Transcribe exactly the lines from the first line of the records through the line containing "Step-by-step assembly of", and leave out every picture.

*** DATA TO PROCESS ***

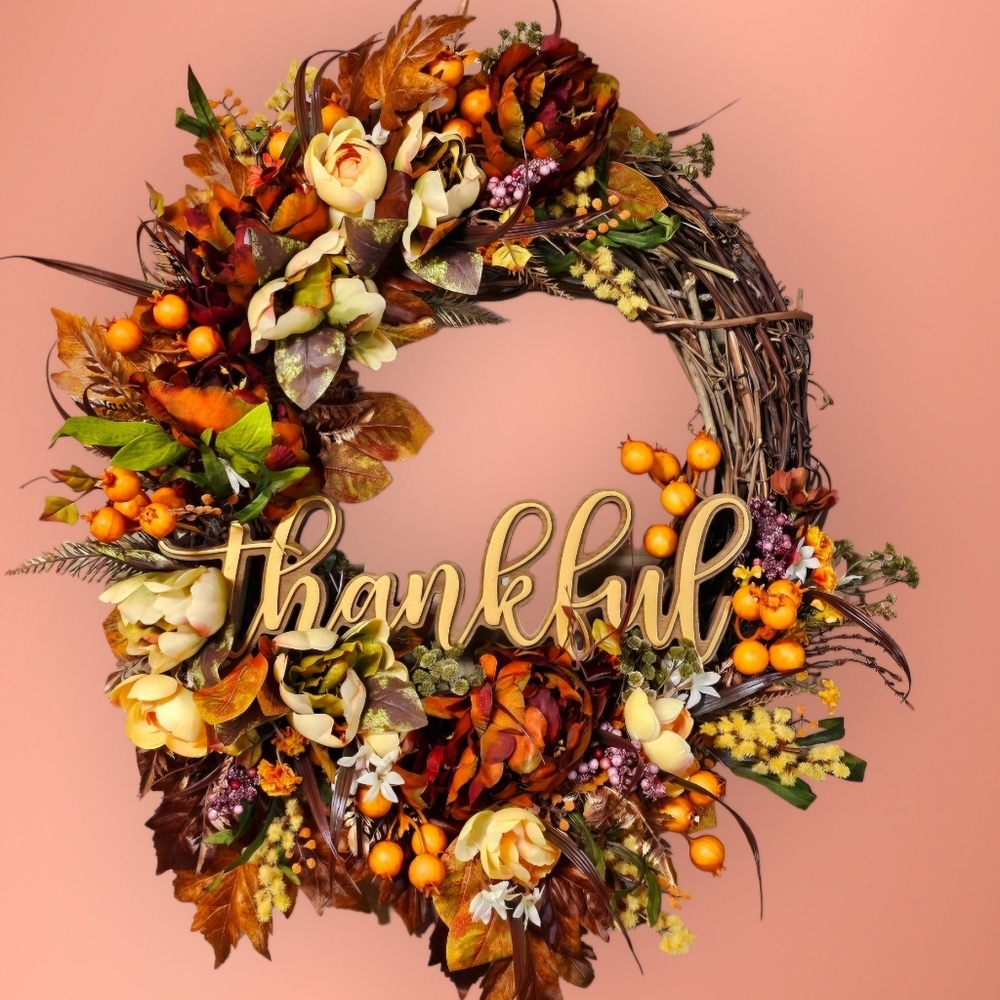 Thankful Fall Floral wreath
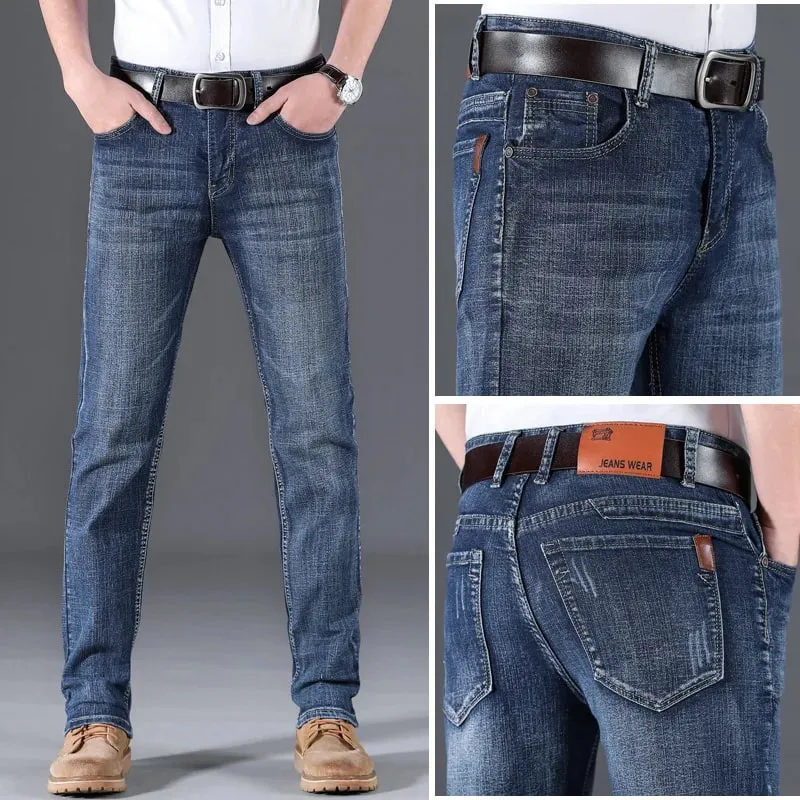 2026 Men NEW Men's Fashion Business Jeans Classic Style Casual Stretch Slim Jean Pants Male Brand Denim Trousers Black Blue Mens — image 2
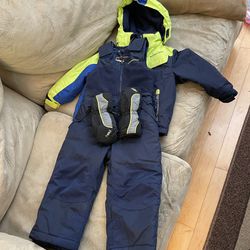 Size 3T (fits To Age 4) Snowsuit, Jacket, Gloves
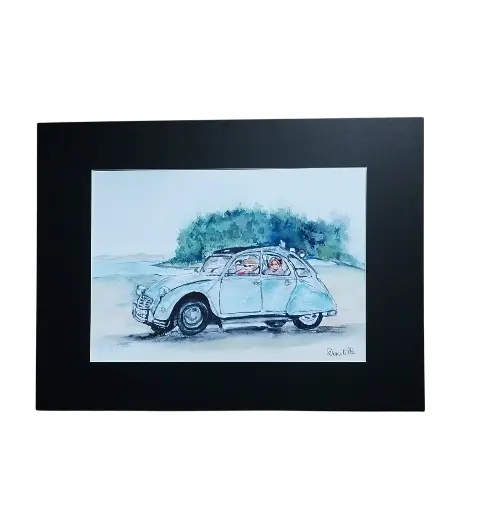 Aquarelle 30x40 - Roule ma poule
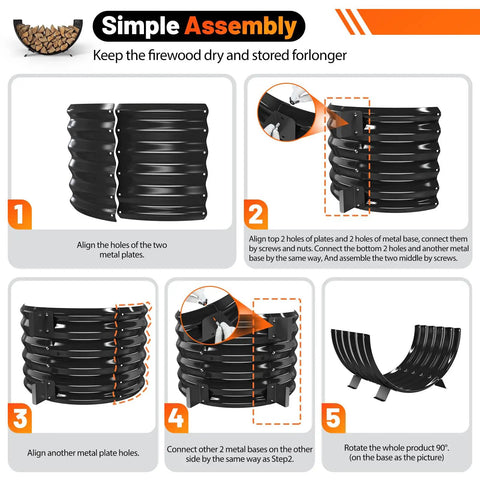 Step-by-step assembly of Go-To Rustproof Metal Firewood Rack for Outdoor Fire Pit and Indoor Fireplace.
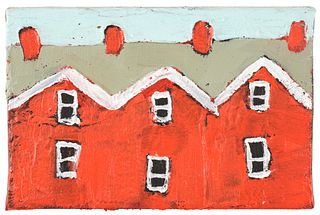 Jennifer Harrison "Bright Red Row Houses" Oil on Canvas 2002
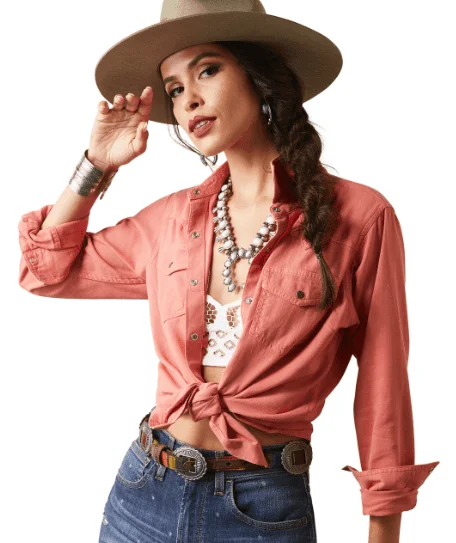 Ariat Women's REAL Jurlington Faded Brick Snap Long Sleeve Western Shirt 10043450 Trendy Floral Print Tee Ariat Women's REAL Jurlington Faded Brick Snap Long Sleeve Western Shirt 10043450 Trendy Floral Print Tee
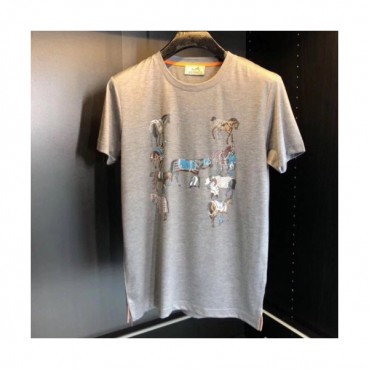 Hermes 2019 Mens Crew - neck Cotton Short Sleeved Tshirt 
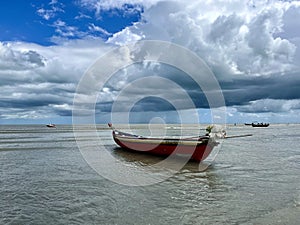 Jericoacoara, Brazil, beach, low tide, boat, clouds, sky, sea, South America, Praia Principal de Jeri, relaxing photo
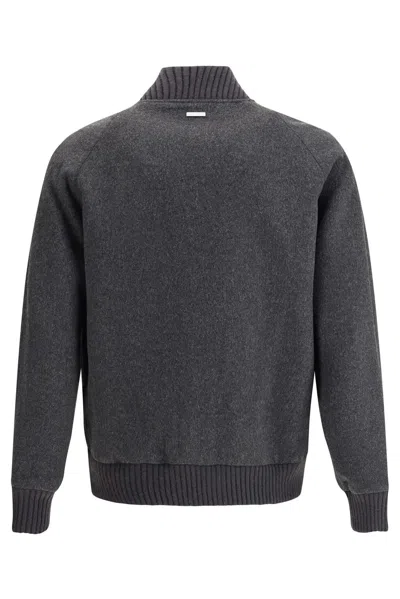 Woolrich Twill Buttoned Bomber Jacket In Black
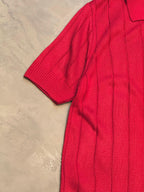 CAMISETA POLO CANELADA - VERMELHO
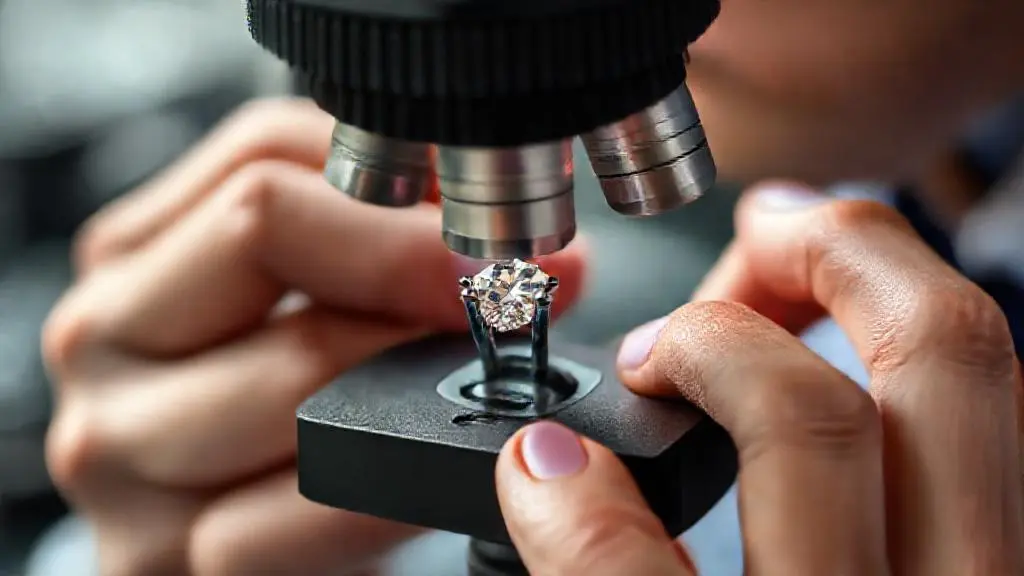 Close-up of a jeweler's hands checking the prongs of a diamond ring setting with a microscope.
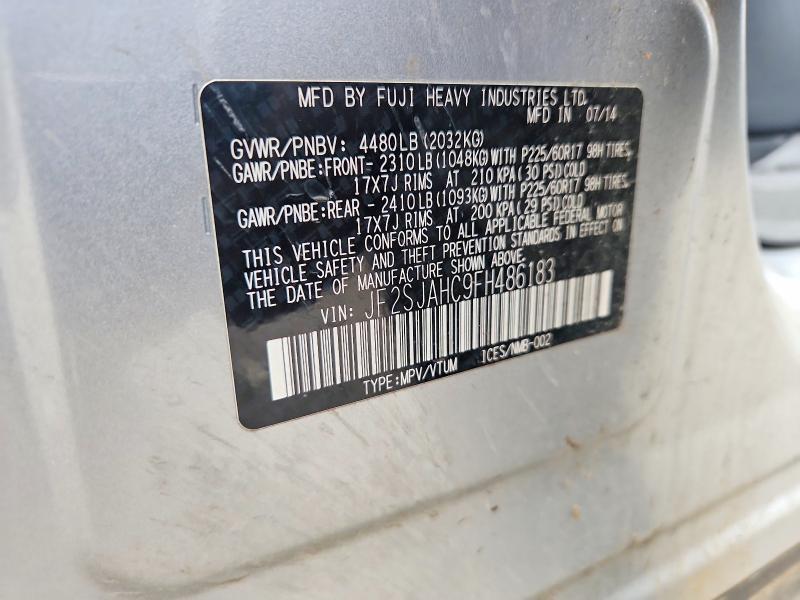 Продаж на аукціоні авто 2015 Subaru Forester, vin: JF2SJAHC9FH486183, номер лоту: 55863056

***

EXERCISE OUTPUT:
 Thankful Fall Floral wreath
 2026 Men NEW Men's Fashion Business Jeans Classic Style Casual Stretch Slim Jean Pants Male Brand Denim Trousers Black Blue Mens — image 2
 Size 3T (fits To Age 4) Snowsuit, Jacket, Gloves
 Aquarelle 30x40 - Roule ma poule
 Step-by-step assembly of Go-To Rustproof Metal Firewood Rack for Outdoor Fire Pit and Indoor Fireplace.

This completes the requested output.